Surface temperature and radiation is determined by the temperature of the object itself, its surface properties with regard to absorbed or reflected radiation from surrounding objects and atmospheric conditions. The surface temperature as read by the camera is determined by normal thermogenic activities, the underlying blood circulation and any local inflammation. A horse/pony should have been stabled with no rugs or boots etc for at least an hour prior to imaging so that any heat that shows up cannot be caused by anything that was previously worn. Similarly, the stable should not have draughts or radiating sun heat from one side that can cause hot or cold areas.
Inflamed structures are more easily identified the closer they are to the body surface. This makes thermal imaging ideal for identifying areas of inflammation in horse's legs and joints but more difficult for identifying inflammation in deeper structures within the abdomen for example. Given that digestion is primarily by fermentation within the high volume large colon you would expect the abdomen to always read the heat given out by the fermentation process as can be seen in the picture of the whole horse below. Notice how the legs are cooler. On the head and neck shot notice how the eyes and muzzle are much hotter and the mane shields the body heat of the top line of the neck and forehead.
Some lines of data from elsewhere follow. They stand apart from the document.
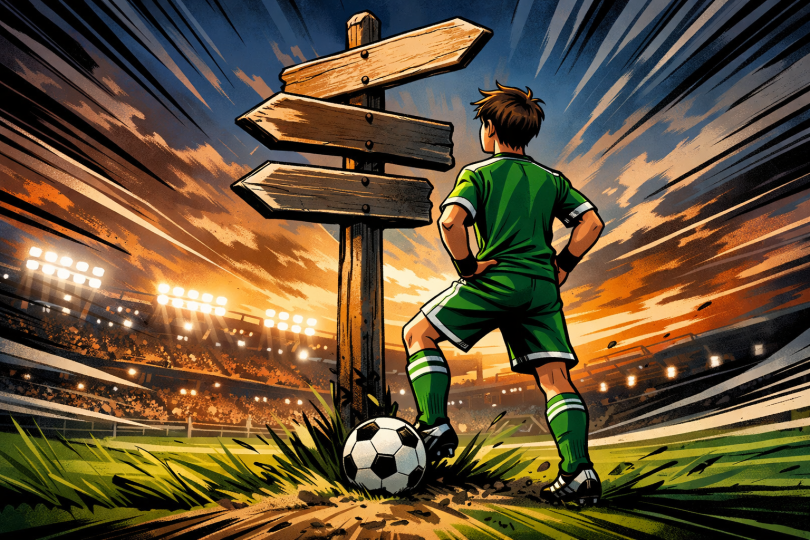 Beres Owusu : un prêt discret, une question très concrète pour l’ASSE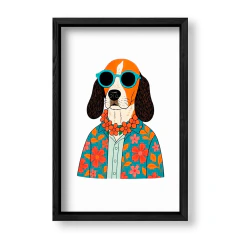 Perros con Estilo 17 en internet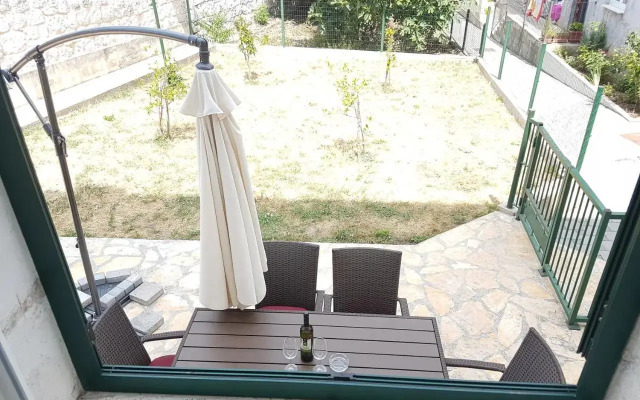 Apartment Cetina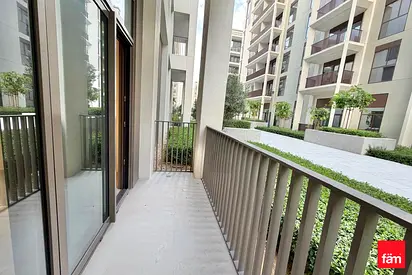 Private Balcony Like a Garden | Prime Location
History: This horse had previously had an injury to the carpus ("knee") of the right foreleg that had left a scar but no other signs. For the 2 years after that injury the horse was sound and was show-jumping at a fairly high level without any problems. One day when being collected from the field the carpus was discovered to be again swollen for no known reason and for the next 6 weeks there was a slight intermittent shortness in stride on the right foreleg but was otherwise sound throughout. It was automatically assumed that given the swelling it was an aggravation of the original carpus injury. Readings taken using the scenar indicated that this was not the problem area and treatment there made no improvement to the swelling. It was decided to take a look using thermography ...
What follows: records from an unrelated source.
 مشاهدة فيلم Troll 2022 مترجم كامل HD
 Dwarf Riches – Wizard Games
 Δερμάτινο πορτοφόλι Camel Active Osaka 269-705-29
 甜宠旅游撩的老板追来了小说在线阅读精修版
The first picture above shows the swollen carpus and the area of scar with no hair is easily discernable as a hotter area - this is due to there being no hair rather than because there is inflammation. Comparison with the other foreleg carpus in the second picture showed there was little to choose between them, however towards the bottom of the picture on the left fore canon area the temperature is significantly cooler than the right fore canon area. This was investigated further
The right fore shows marked increase in temperature below the carpus compared to the left indicating general increased circulation. There is a hotter area to the inside and slightly above the right fetlock suggestive of an area of more specific inflammation. Readings were taken over this area with scenar which were definitely higher than the carpus and indicated an areas requiring treatment with scenar which was performed. The same area was checked after treatment (picture on left below).
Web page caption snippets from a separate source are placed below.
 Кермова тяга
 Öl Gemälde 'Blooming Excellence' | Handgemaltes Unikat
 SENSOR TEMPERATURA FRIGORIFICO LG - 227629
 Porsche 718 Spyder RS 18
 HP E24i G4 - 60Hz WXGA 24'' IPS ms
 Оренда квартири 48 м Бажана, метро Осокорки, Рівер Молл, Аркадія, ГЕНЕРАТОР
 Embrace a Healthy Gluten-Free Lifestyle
Notice how the fetlock is cooler following treatment with the scenar although there are still some areas of heat and the circulation is still increased relative to the left fore. The following day the carpus swelling was reported to be very much reduced which suggested that it had swelled up due to increased blood pressure resulting from increased circulation to the area of inflammation near the fetlock lower down the leg. There had been no swelling in the fetlock area to indicate that the problem lay here. In the second picture (on the right above) above taken 3 days later both front legs have an equal temperature and there is no sign of the inflammation just above the right fetlock. This horse had been exercised on the horse-walker earlier in the day with no sign of shortness in stride or lameness.
No sedation or nerve blocks were required to achieve this result and no animals were harmed during filming!